Your task: Would you please repeat exactly the entries below, starting at the line with "Tuana Başaran (@baaran_tuana)" and ending at the line with "Apple iPhone 13", and nothing outside that range? Leave out the pictures.

===== Exercise inputs =====

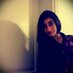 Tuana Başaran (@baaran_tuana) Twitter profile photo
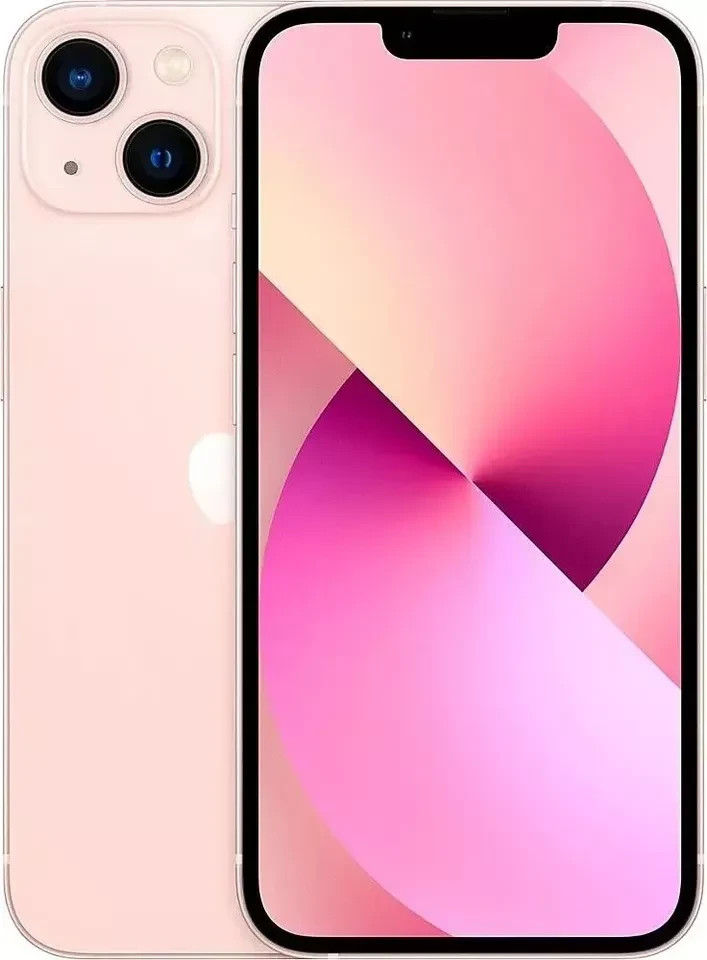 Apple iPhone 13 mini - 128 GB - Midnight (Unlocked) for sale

=====
===== Exercise inputs =====

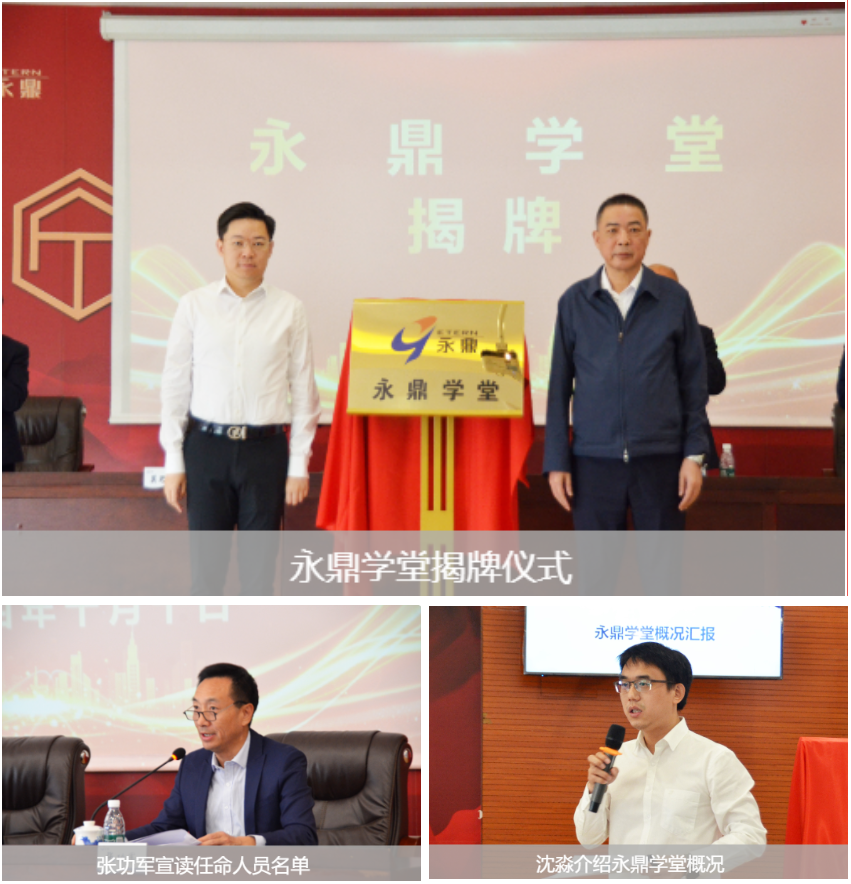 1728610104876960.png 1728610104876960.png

=====

Exercise answer:
 Tuana Başaran (@baaran_tuana) Twitter profile photo
 Apple iPhone 13 mini - 128 GB - Midnight (Unlocked) for sale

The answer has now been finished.